Stored data:
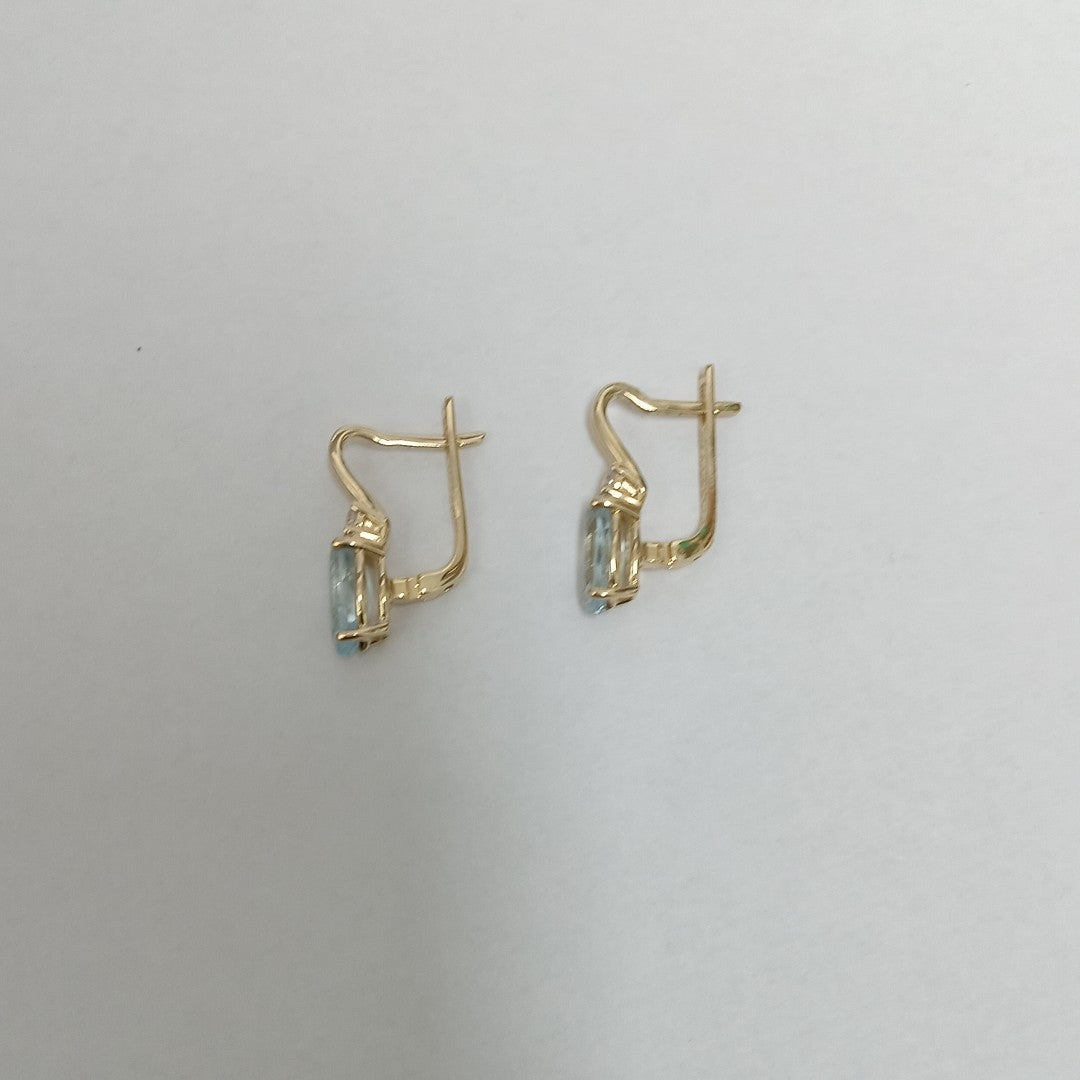 BROQUELES ORO 14K 3.8 (NUEVO)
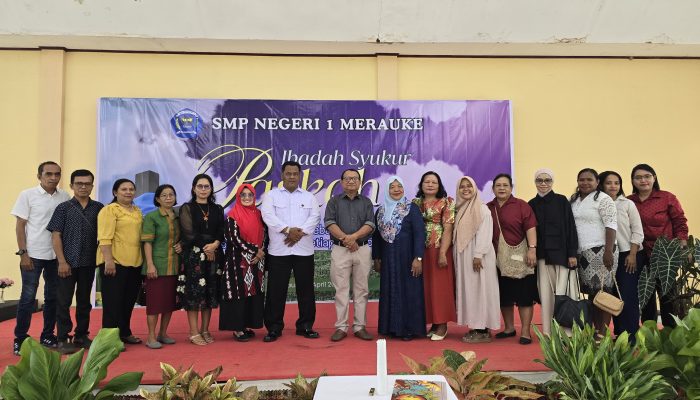 Momen Paskah di SMPN 1 Merauke, Kebersamaan di Tengah Keberagaman Ditekankan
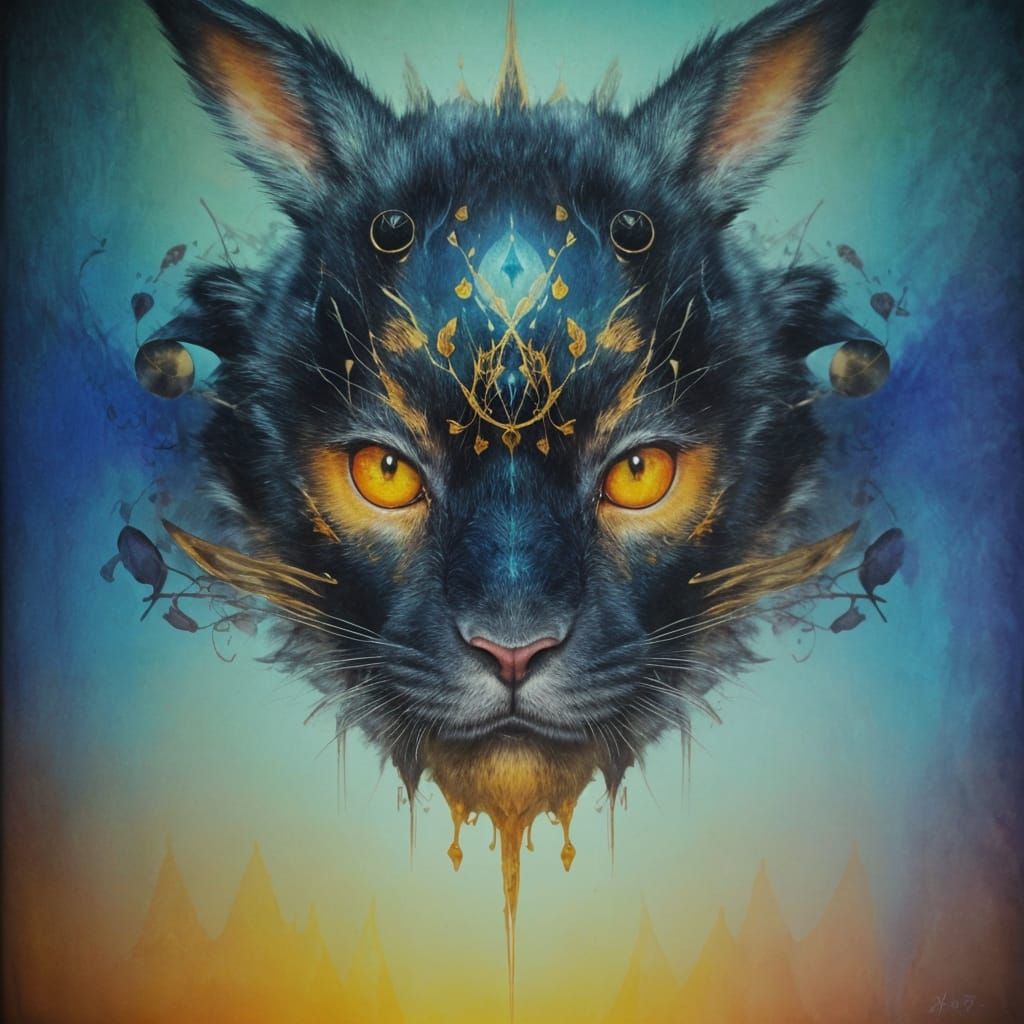 Hyperrealistic Dadaist Abstractions with Bunnies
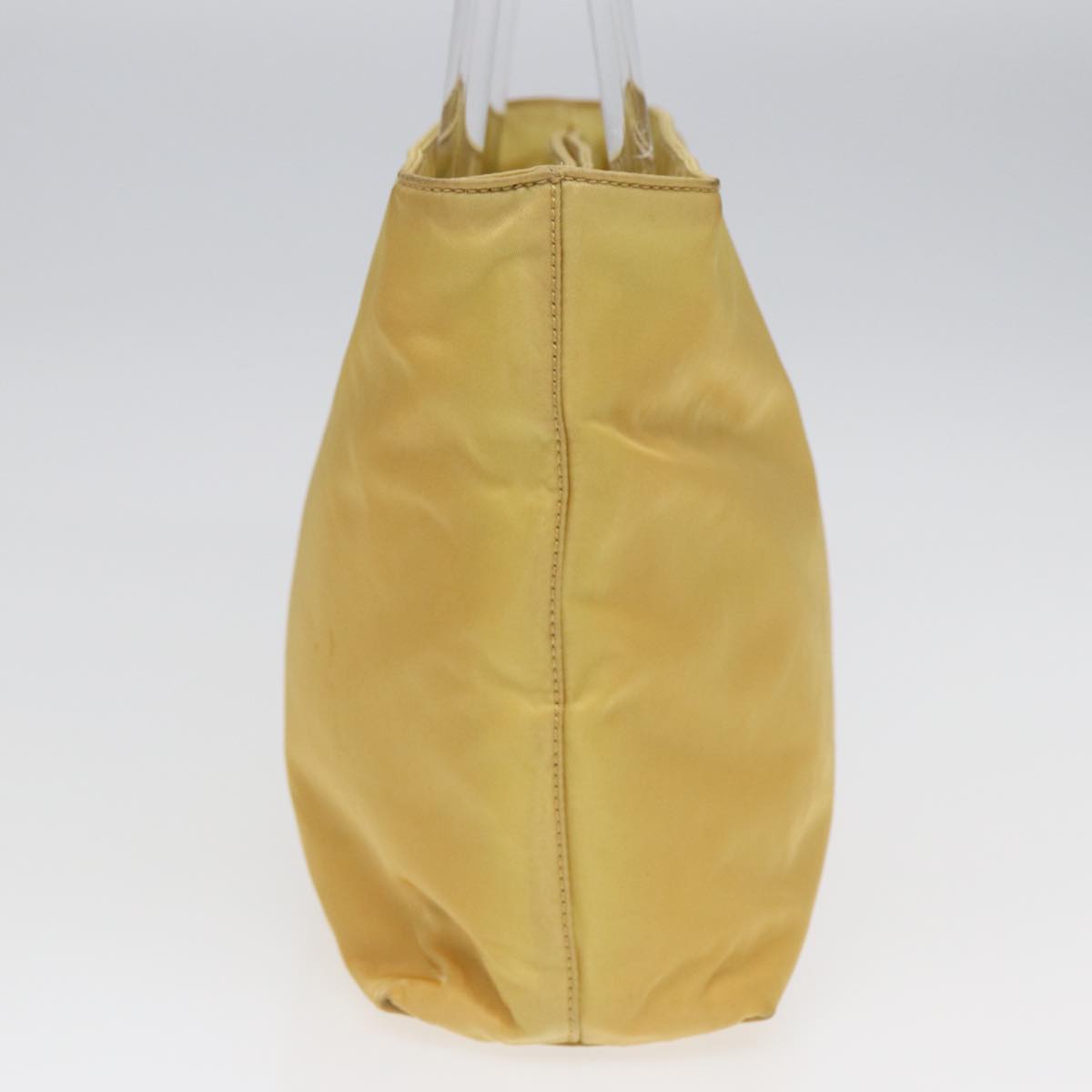 Luxury Prada Hand Bag Nylon Yellow Silver bs17343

Task brief: When you reach the line that contains "Hyperrealistic Dadaist Abstractions", start copying the listing word for word and stop only after its last line, without any pictures.

Result for this task:
 Hyperrealistic Dadaist Abstractions with Bunnies
 Luxury Prada Hand Bag Nylon Yellow Silver bs17343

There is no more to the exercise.